Dataset:
^^^^^^^^

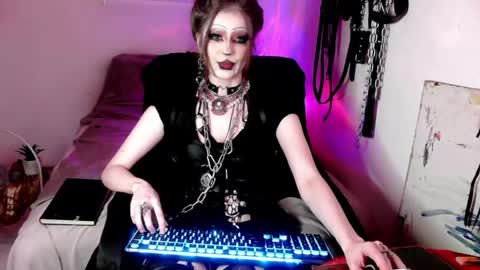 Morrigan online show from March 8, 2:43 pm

^^^^^^^^

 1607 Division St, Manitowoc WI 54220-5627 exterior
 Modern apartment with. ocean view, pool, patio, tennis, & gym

^^^^^^^^

Your objective: Please give back exactly the lines of the listing above that run from the one containing "1607 Division St, Manitowoc" through the one containing "Modern apartment with.", and only those.

Exercise response:
 1607 Division St, Manitowoc WI 54220-5627 exterior
 Modern apartment with. ocean view, pool, patio, tennis, & gym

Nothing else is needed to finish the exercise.